Note: For this example I only used two companies, but in the real problem I have 30 companies.

There are many methods to perform apportionment, and no objective best method.
The following is in terms of states and seats rather than companies and people. Credit probably goes to Dr. Larry Bowen who is cited on the base site for the first link.
Hamilton’s Method
Also known as the Method of Largest Remainders and sometimes as Vinton's Method.
Procedure:
Calculate the Standard Divisor.
Calculate each state’s Standard Quota.
Initially assign each state its Lower Quota.
If there are surplus seats, give them, one at a time, to states in descending order of the fractional parts of their Standard Quota.
Here, the Standard Divisor can be found by dividing the total population (the sum of the population of each company) by the number of people you want to sample (144 in this case). The Standard Quota is the company's population divided by the Standard Divisor. The Lower Quota is this value rounded down. However, this method has some flaws.
Problems:
The Alabama Paradox An increase in the total number of seats to be apportioned causes a state to lose a seat.
The Population Paradox An increase in a state’s population can cause it to lose a seat.
The New States Paradox Adding a new state with its fair share of seats can affect the number of seats due other states.
This is probably the most simple method to implement. Below are some other methods with their accompanying implementations and drawbacks.
Jefferson’s Method Also known as the Method of Greatest Divisors and in Europe as the Method of d'Hondt or the Hagenbach-Bischoff Method.
Procedure:
Calculate the Standard Divisor.
Calculate each state’s Standard Quota.
Initially assign each state its Lower Quota.
Check to see if the sum of the Lower Quotas is equal to the correct number of seats to be apportioned.
If the sum of the Lower Quotas is equal to the correct number of seats to be apportioned, then apportion to each state the number of seats equal to its Lower Quota.

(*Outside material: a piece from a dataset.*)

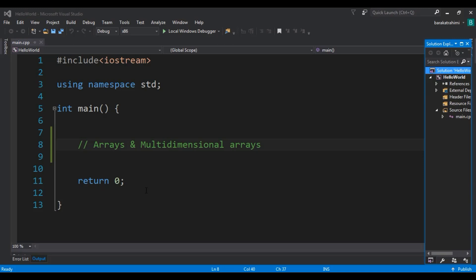The elements are stored in a continuous memory location. For example, if you want to store four or five integer values, you would need to create four or five variables. Instead of doing that, we can use one array to store all the elements.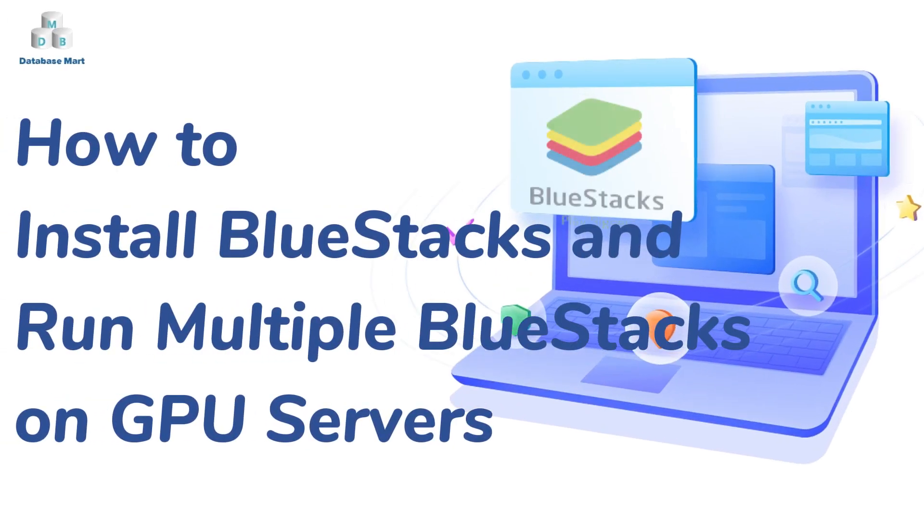This video will guide you to install Bluestacks on a GPU server and install games with Bluestacks.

If the sum of the Lower Quotas is NOT equal to the correct number of seats to be apportioned, then, by trial and error, find a number, MD, called the Modified Divisor to use in place of the Standard Divisor so that when the Modified Quota, MQ, for each state (computed by dividing each State's Population by MD instead of SD) is rounded DOWN, the sum of all the rounded (down) Modified Quotas is the exact number of seats to be apportioned. (Note: The MD will always be smaller than the Standard Divisor.) These rounded (down) Modified Quotas are sometimes called Modified Lower Quotas. Apportion each state its Modified Lower Quota.
Problem:
Violates the Quota Rule. (However, it can only violate Upper Quota—never Lower Quota.)

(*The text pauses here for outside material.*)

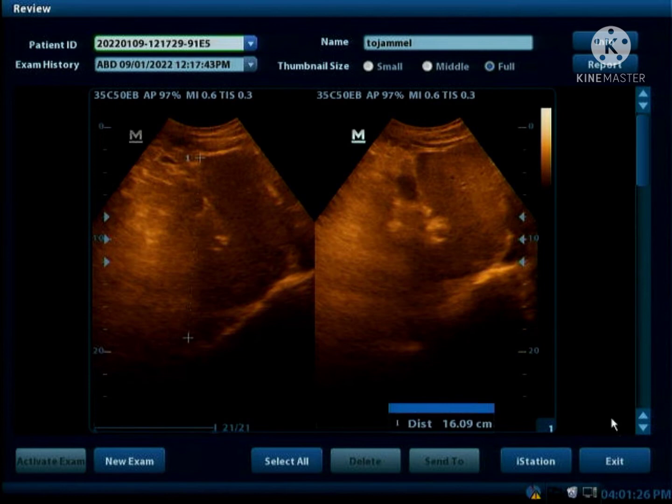Here the liver is severely hyperechoic, the lower border is not seen, and the liver vessels are not well seen, so this is a Grade 3 fatty liver.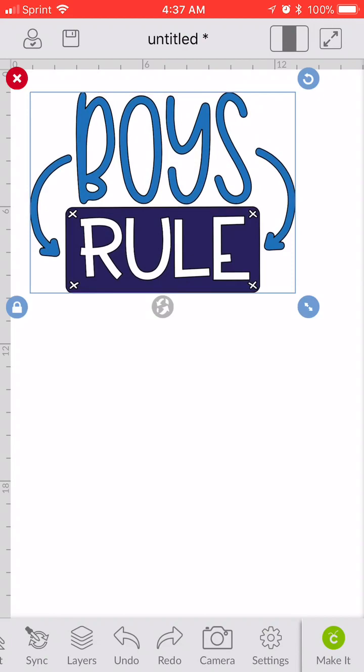But I know that there are a lot of people out there who maybe don't have a computer. Their iPad or iPhone is the only way that they have to work in Cricut Design Space. And now you can upload those SVGs pretty easily.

Webster’s Method Also known as the Webster-Willcox Method as well as the Method of Major Fractions.
Procedure:
Calculate the Standard Divisor.
Calculate each state’s Standard Quota.
Initially assign a state its Lower Quota if the fractional part of its Standard Quota is less than 0.5. Initially assign a state its Upper Quota if the fractional part of its Standard Quota is greater than or equal to 0.5. [In other words, round down or up based on the arithmetic mean (average).]
Check to see if the sum of the Quotas (Lower and/or Upper from Step 3) is equal to the correct number of seats to be apportioned.

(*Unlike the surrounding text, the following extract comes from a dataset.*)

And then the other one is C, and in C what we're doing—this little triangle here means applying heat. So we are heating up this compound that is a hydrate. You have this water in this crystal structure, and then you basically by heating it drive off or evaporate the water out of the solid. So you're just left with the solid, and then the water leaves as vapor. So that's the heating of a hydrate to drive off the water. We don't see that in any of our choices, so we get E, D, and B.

If the sum of the Quotas (Lower and/or Upper from Step 3) is equal to the correct number of seats to be apportioned, then apportion to each state the number of seats equal to its Quota (Lower or Upper from Step 3).
If the sum of the Quotas (Lower and/or Upper from Step 3) is NOT equal to the correct number of seats to be apportioned, then, by trial and error, find a number, MD, called the Modified Divisor to use in place of the Standard Divisor so that when the Modified Quota, MQ, for each state (computed by dividing each State's Population by MD instead of SD) is rounded based on the arithmetic mean (average) , the sum of all the rounded Modified Quotas is the exact number of seats to be apportioned. Apportion each state its Modified Rounded Quota.
Problem:
Violates the Quota Rule. (However, violations are rare and are usually associated with contrived situations.)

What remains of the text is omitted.